Although having a musical family is fairly common when you’re born in Cape Breton, Molly Rankin is the progeny of pros. Her father John Morris Rankin was a founding member of the Rankin Family band, the Maritime collective that released seven records of Celtic Canadiana between 1989 and 2009.

Molly took a different direction both musically and structurally, initially pursuing a solo career in the indie pop realm. When she met Alec O’Hanley (guitar), they began collaborating on her solo material in PEI, and soon brought in their respective childhood friends Kerri Maclellan (keyboards) and Brian Murphy (bass) and Phil MacIsaac (drums). After crafting some sonic magic togehter, they reassembled in Toronto to live their dream-pop dream as Alvvays.

Their self-titled debut album, produced by Chad VanGaalen, was released on July 22 by Royal Mountain in Canada and Polyvinyl in the U.S., but I spoke to Rankin a couple of weeks prior to that, as they were heading out on the road to NYC.

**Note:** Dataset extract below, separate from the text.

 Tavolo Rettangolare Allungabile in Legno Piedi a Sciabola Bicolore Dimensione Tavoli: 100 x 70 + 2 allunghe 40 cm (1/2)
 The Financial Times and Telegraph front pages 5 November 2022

Lorraine Carpenter: I know you come from musical family, but what about the rest of band?
Molly Rankin: Kerri is from Cape Breton too, and there’s nothing really to do there if you don’t play hockey, so she grew up surrounded by music as well. It’s just something you do when you live in the woods, I guess. The boys were band kids, they played in jazz bands. Alec grew up playing trumpet and Bryan went to U of T for guitar.

LC: You’re obviously experiencing a very different music scene and industry than your family did. Have they imparted any useful wisdom?
MR: I don’t really see them that often, but it’s certainly not the easiest thing to pursue if you have any intention of having any sort of income. I did a cross-Canada tour with them when I was 18, but my education was a huge thing (for them) — they wanted me to have something to fall back on, which I don’t. So that didn’t really work I guess. But they’re not really pushy people — the girls went to Acadia to study theatre, so they’re kind of free spirits.

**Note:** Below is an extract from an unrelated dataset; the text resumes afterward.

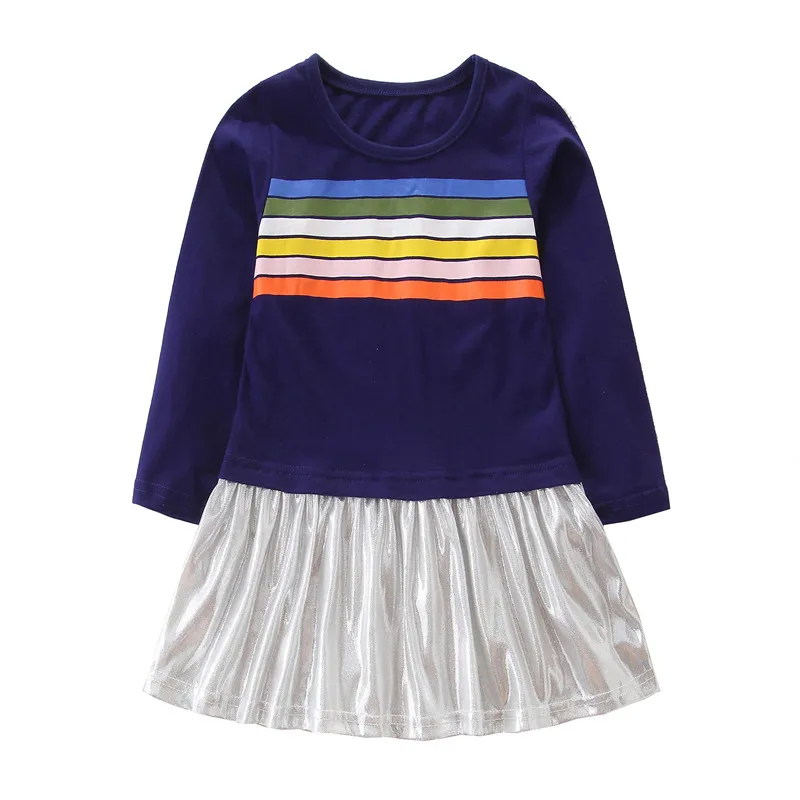 New Top Brand Girls Dresses Animals Applique Cotton Children Long Sleeve Clothes Autumn Spring Princess Dress for Party | Детская одежда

The Rankins weren’t the type of band that blew up, and because they were roots, Celtic folk-pop, I think there was a lot of confusion in how they should be marketed, so they weren’t like juggernauts as far as raking it in. My dad was a really subtle guy who coached my brother’s baseball team, and he was always in the barn fixing a snowmobile or something. We had a wood stove — that’s how we grew up. So the changes weren’t that obvious to me. I didn’t really see the glamour of that age.

But they did have tour buses and played huge arenas, whereas we show up in a bar and set up the PA and play for a beer ticket, essentially. So in that way it is pretty different for us (laughs). ■
 
Alvvays are playing with openers J Fernandez and Los at la Vitrola (4602 St-Laurent) on Saturday, Aug. 16, 9 p.m., $10/$13.